# Pyro metallurgy of gold using oxygen



## kannang338 (Aug 18, 2016)

Hi to all,

Currently we have taken a project on removing impurities by oxygen blowing and oxidizing flux addition to oxidize the base metals.

Need suggestions and clarification about this process like

1. Flux need to use
2. Flux ratios and flux calculation 
3. Any other things needed to achieve better results in this trial.


----------



## g_axelsson (Aug 18, 2016)

I think there were a discussion a few days ago about this.
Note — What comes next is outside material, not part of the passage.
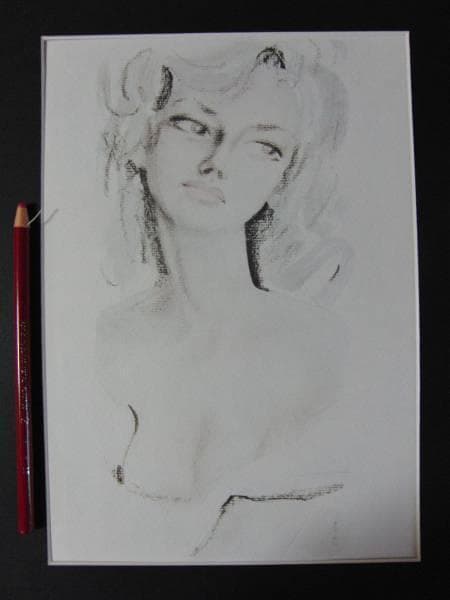 東郷青児、巴里にて、希少画集より、新品額装・額装付、版上サイン入り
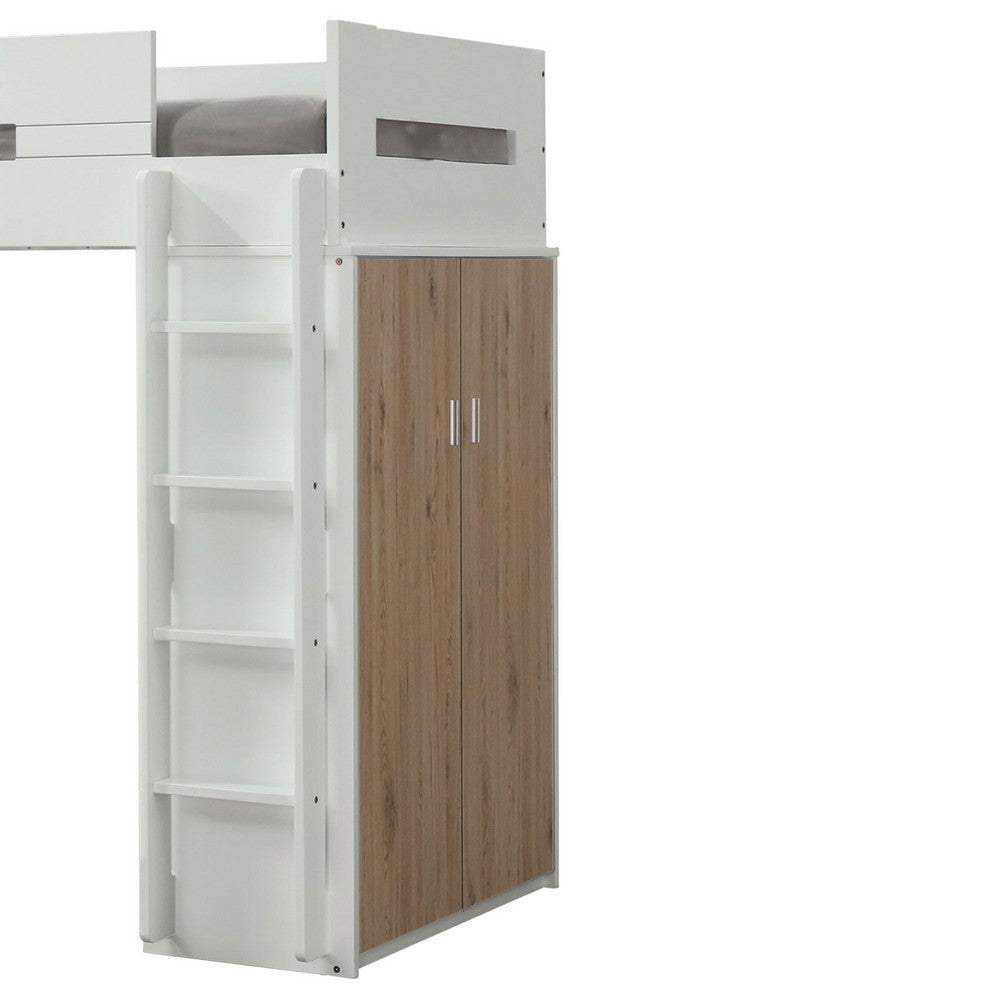 Wooden Twin Size Loft Bunk Bed with Workstation White and Brown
When doing a quick search I found this one.
http://goldrefiningforum.com/phpBB3/viewtopic.php?f=38&t=23680&p=255827&hilit=stainless+tube+oxygen#p255827
But I think there should be a more recent thread.

Göran


----------



## goldsilverpro (Aug 18, 2016)

http://goldrefiningforum.com/phpBB3/viewtopic.php?f=37&t=24288&p=257062&hilit=rose#p257062


----------



## 4metals (Aug 18, 2016)

We ran an entire thread on smelting, your answers will be in that thread.

http://goldrefiningforum.com/phpBB3/viewtopic.php?f=38&t=23680


----------



## kannang338 (Aug 22, 2016)

Thanks for your suggestions.

But still no one specified that the amount of oxidizing flux need to convert particular material into its desired oxide.

Is any calculations for the flux addition?


----------



## Lou (Aug 22, 2016)

Sure.


NaNO3 + M(0) = MxOy + Na2O + NO2

put in your metal and balance the redox reaction yourself.

Note, depending on the metal, there may be secondary reactions with the sodium oxide. 

L


----------